The Augspurgs grow three varieties of Scotch pine, which Butch said are hardy enough to grow in their clay soils even during the hottest of years. “A Scotch pine will grow out of a rock, where the rest of them—the firs and the spruces—you have to water them and shade them and talk nice to them,” he quipped.
The pines are planted as 18-inch-tall bareroot seedlings. When they reach 3 feet tall, the pruning process begins. It’s important to prune the top growth, called the primary leader, as it determines the distance between each row of limbs, Butch explained.
“That leader can grow up to 30 inches in a season, but you don’t want that much space between the rows of limbs,” he said, adding that the trees are also trimmed to create the familiar conical Christmas tree shape. “You need to go through and trim it back to 12 to 14 inches.”
Each October, trees that have reached at least 5 feet tall receive a coating of a green vegetable-based sealant to ensure their needles remain a deep verdant color for the Christmas season.
“I’m as green as a leprechaun by the time I get them all sealed,” Butch said.
Cookies, Cocoa & Christmas Memories
While procuring a Christmas tree is the primary purpose for a visit to The Branch Ranch, there’s much more to the experience. When the gate opens at 9:30 a.m. on “Green Friday,” the fun begins.
Families pour into the property, park their vehicles and begin to explore. Some start by hopping on the “Tree Trolley,” a wagon pulled by an antique John Deere Model A tractor, to make their way to the Christmas tree fields. Others begin at the “Baumhaus,” the original 12-by-16-foot shed where Butch and Tootsie first started selling their trees off the farm. Inside, visitors find antique tools, more than 700 Christmas decorations and the “Christmas Tree Express,” a model train that circles the structure’s interior perimeter.
Once the ideal tree is found, a family may elect to harvest it themselves using a hand saw or allow one of the farm’s sawyers to cut it with a chainsaw.
“It’s become a family tradition for us,” said Cathy Page, a neighbor who lives in nearby Emerson, Mo. Her family has harvested a tree at The Branch Ranch annually since 2013. “Even if our kids and grandkids can’t be home for Thanksgiving, they try to be here to pick out the Christmas tree every year.”
Other families have similar experiences. Richard and Debbie Adair moved from New Jersey to Missouri in 2011 and fell in love with the Branch Ranch experience.
“They’re such nice people, and the Christian atmosphere starts the season off well,” Richard said. “The first time we say, ‘Merry Christmas’ is usually here.”
In preparation for the season, Tootsie bakes homemade Christmas cookies to share with everyone who visits The Branch Ranch. The Augspurgs also offer hot chocolate and cinnamon cider.
“I make right at 250 dozen cookies. That’s 3,000!” Tootsie said. “It takes me about two months to get them all baked. This is our Christmas party, and we consider it a mission, too, because Jesus is the reason for the season.”

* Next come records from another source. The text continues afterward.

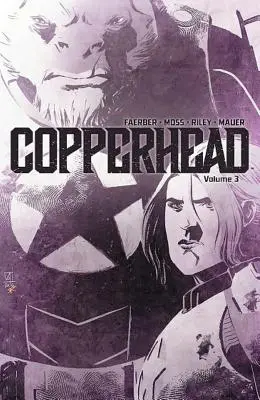 Copperhead Volumul 3 - Copperhead Volume 3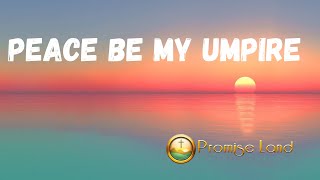 Peace Be My Umpire [upl. by Hada801]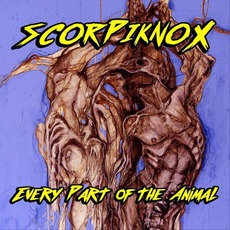 Every Part Of The Animal mp3 Album by Scorpiknox
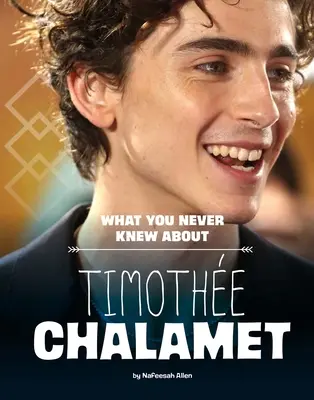 Czego nigdy nie wiedziałeś o Timothe Chalamecie - What You Never Knew about Timothe Chalamet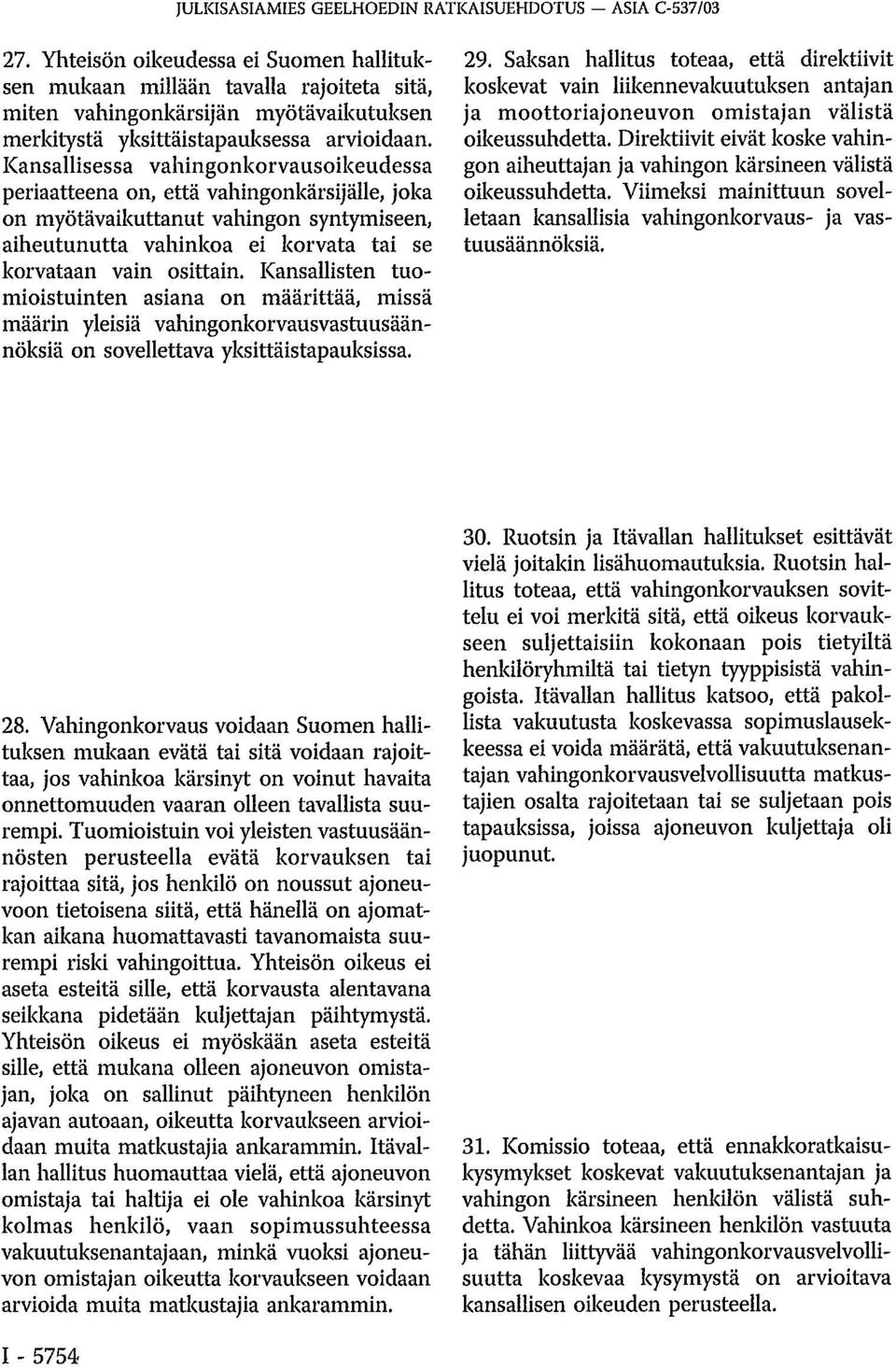 Kansallisessa vahingonkorvausoikeudessa periaatteena on, että vahingonkärsijälle, joka on myötävaikuttanut vahingon syntymiseen, aiheutunutta vahinkoa ei korvata tai se korvataan vain osittain.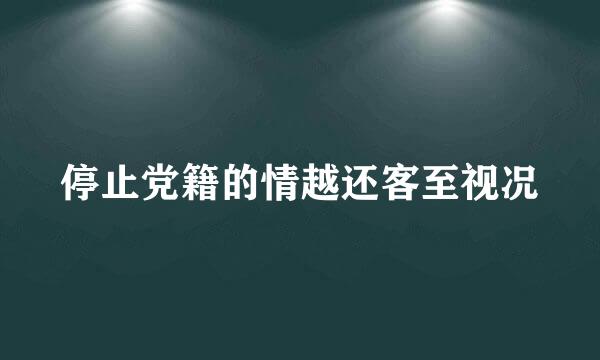 停止党籍的情越还客至视况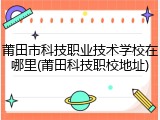 莆田市科技职业技术学校在哪里(莆田科技职校地址)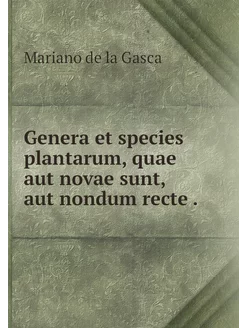 Genera et species plantarum, quae aut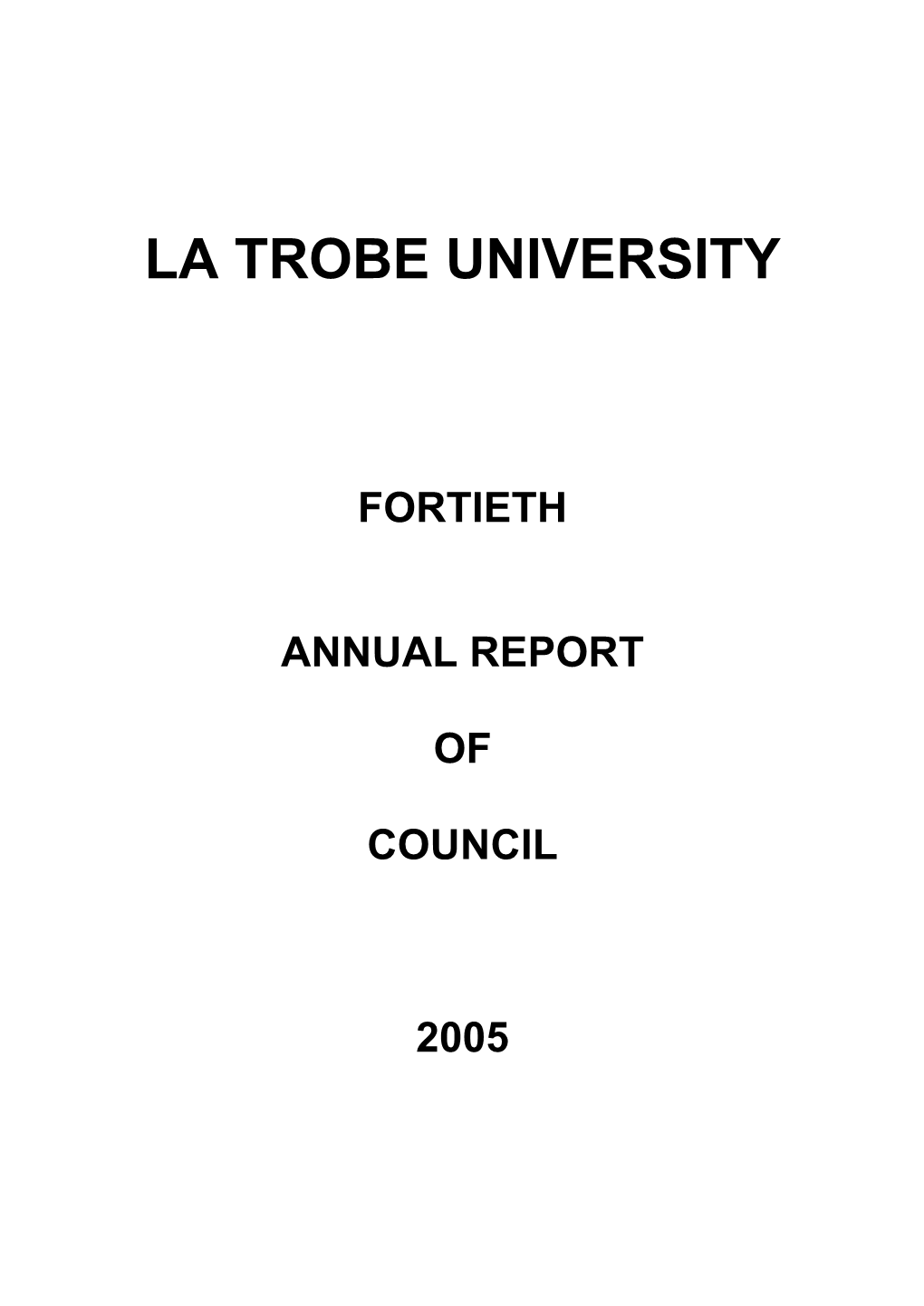 La Trobe University 2005 Annual Report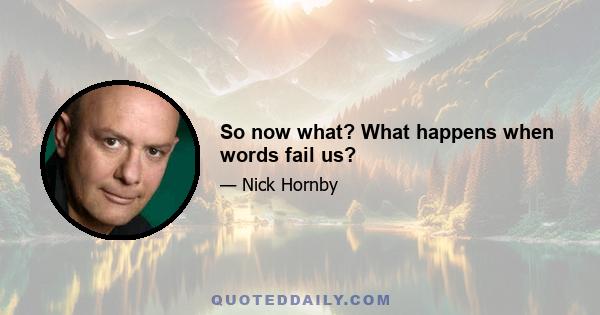 So now what? What happens when words fail us?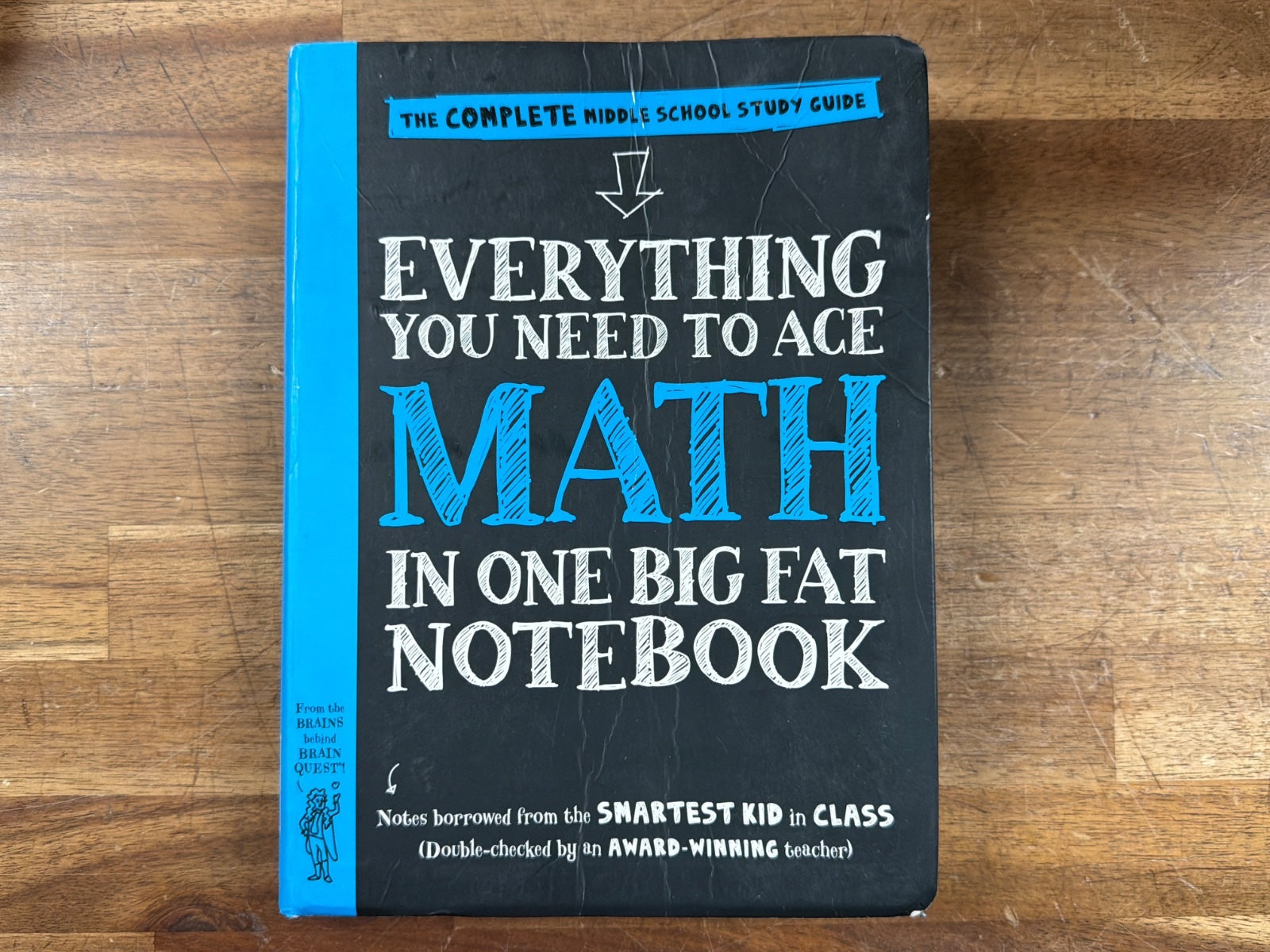Everything You Need to Ace Math in One Big Fat Notebook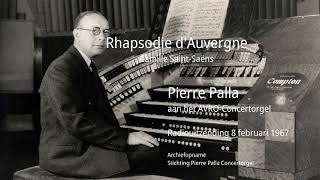 Pierre Palla op het AVRO concertorgel - Rhapsodie d'Auvergne van Saint-Saëns (1967)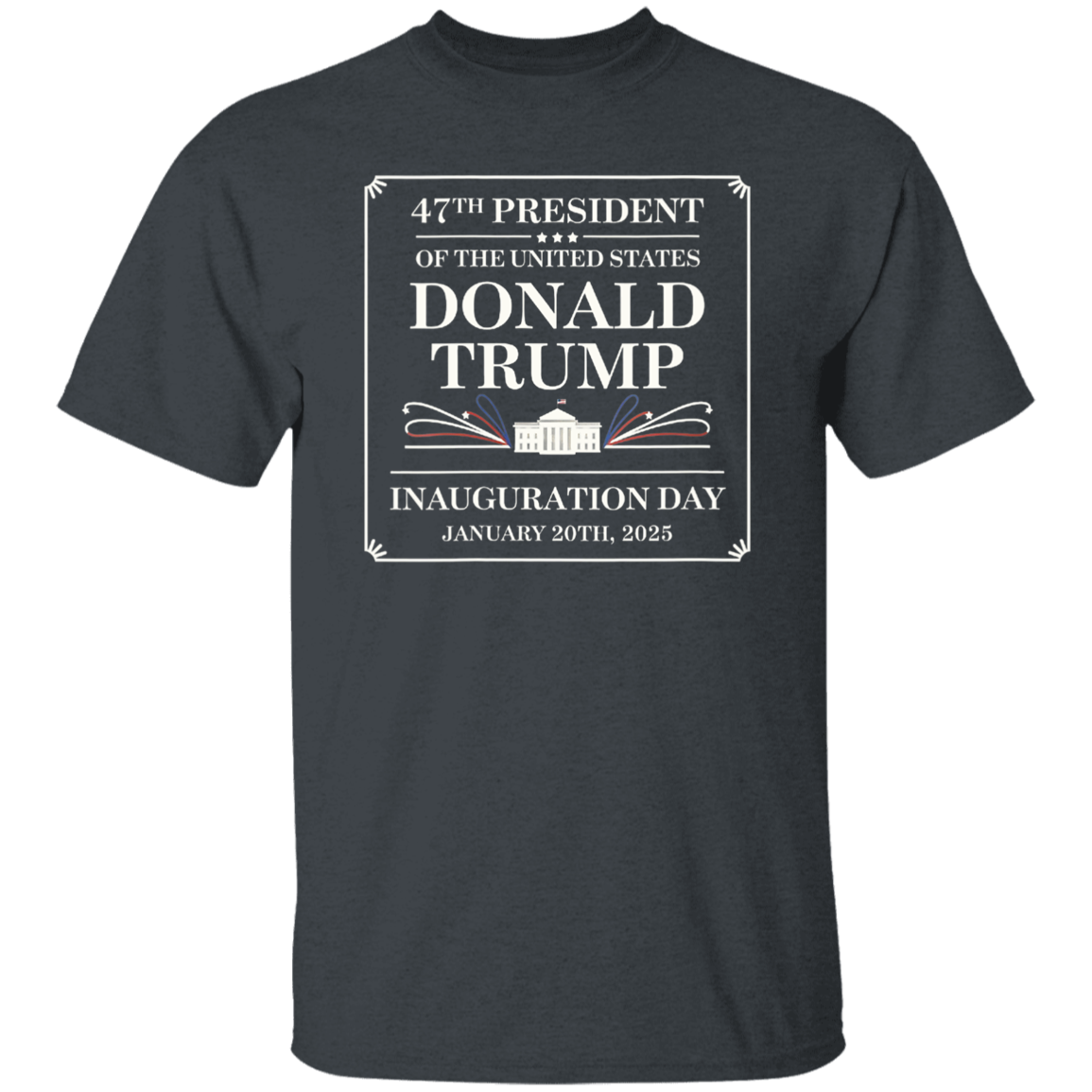 47th President Of The United States Donald Trump Inauguration Day Dark Shirt HO82 65194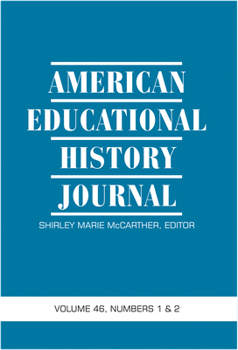 Paperback American Educational History Journal Vol 46 Issue 1 & 2 Book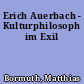 Erich Auerbach - Kulturphilosoph im Exil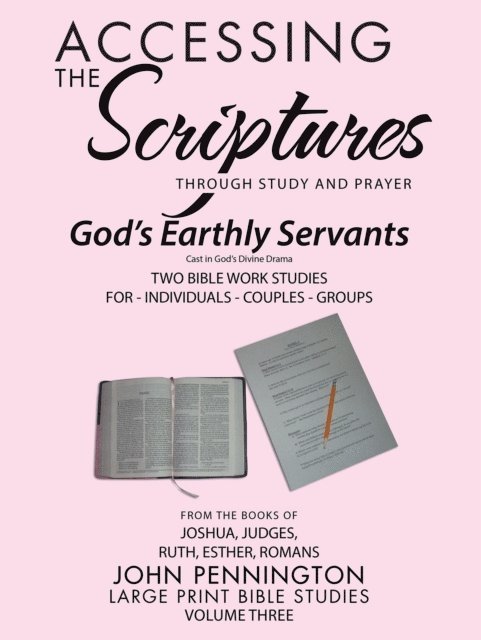 John Pennington - Accessing the Scriptures, E-bok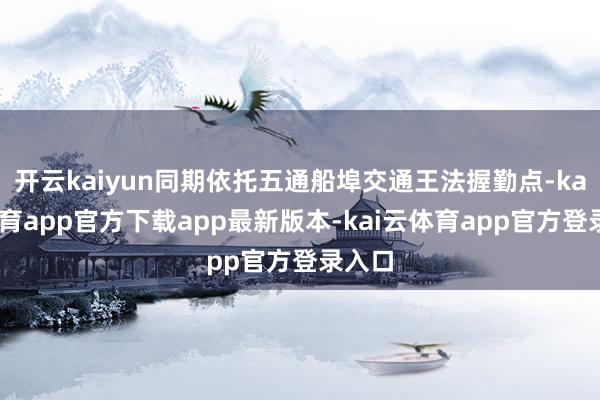 开云kaiyun同期依托五通船埠交通王法握勤点-kai云体育app官方下载app最新版本-kai云体育app官方登录入口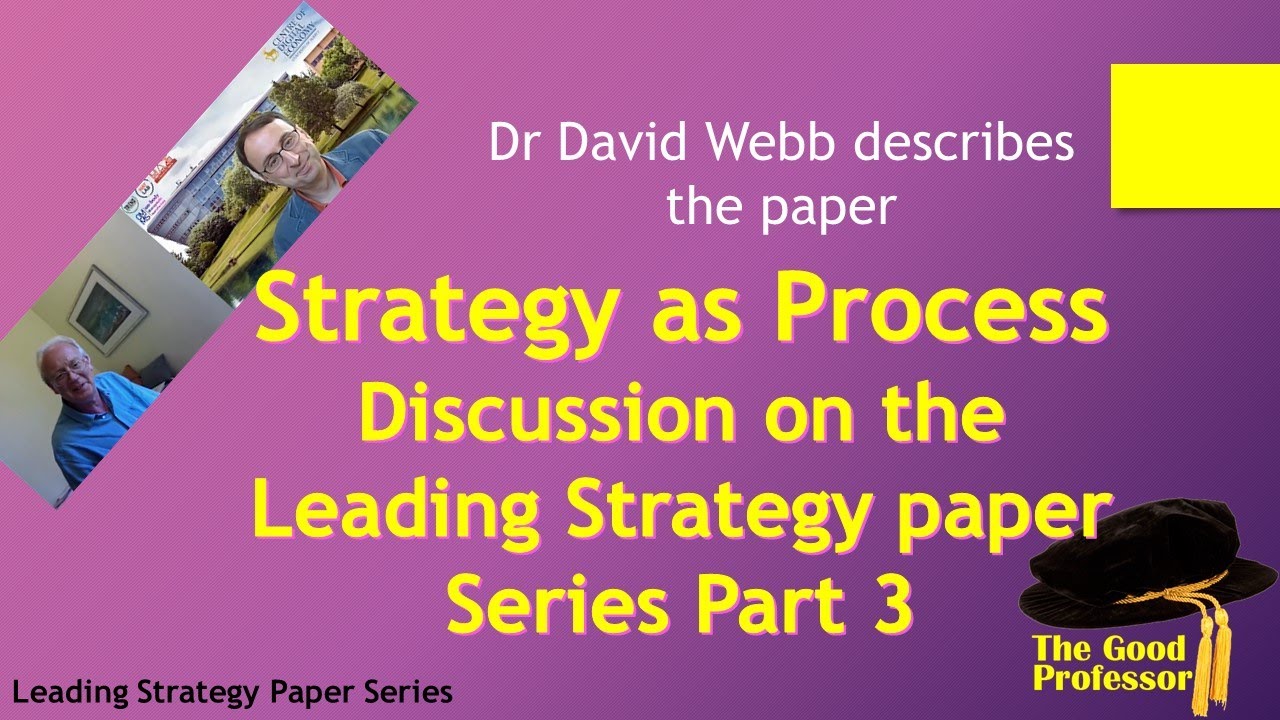 David Webb and Glenn Parry Discuss Strategy as Process 2020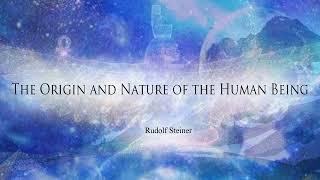 The Origin and Nature of the Human Being by Rudolf Steiner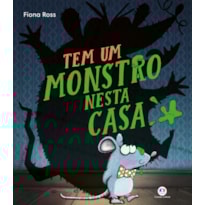 TEM UM MONSTRO NESTA CASA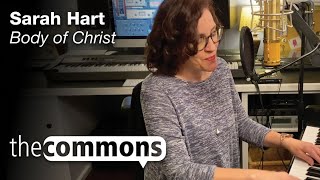 The Commons: The Body of Christ – Sarah Hart
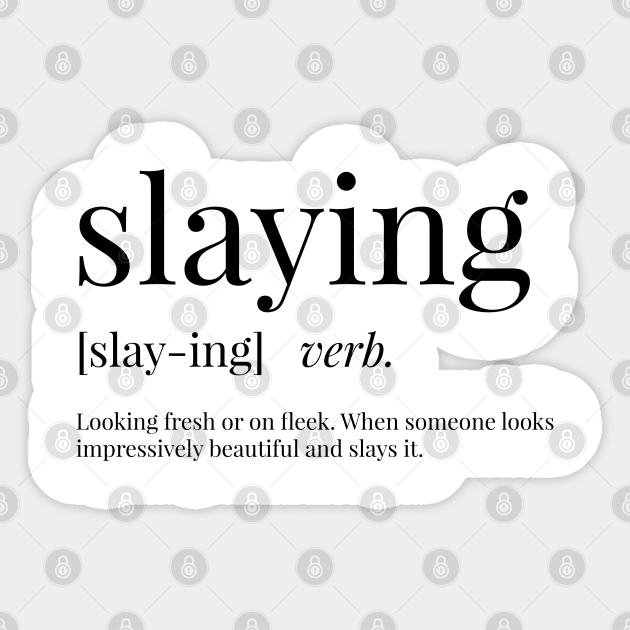Slay meaning. Slay means. Slay песня. Slay перевод. Slay means.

This year, the Augspurgs will have 800 Scotch pines ready for harvest. Butch also is bringing in 160 pre-cut Fraser firs from Michigan.
While making memories at The Branch Ranch will continue for several more years, the Augspurgs made the decision to plant their last trees in 2021.
“I’m 78 now, and Tootsie’s 81, so when we start selling that last batch, I’ll be 84 and she’ll be 87,” Butch said. “We’ve had a ball doing this, but I think by then, we’ll be ready to be done fooling with trees.”
The Branch Ranch, located at 2551 County Road 159 northeast of Philadelphia, Mo., will open for its 2022 season at 9:30 a.m. on Nov. 25. For more information, call 573-439-5789 or visit www.thebranchranch.com.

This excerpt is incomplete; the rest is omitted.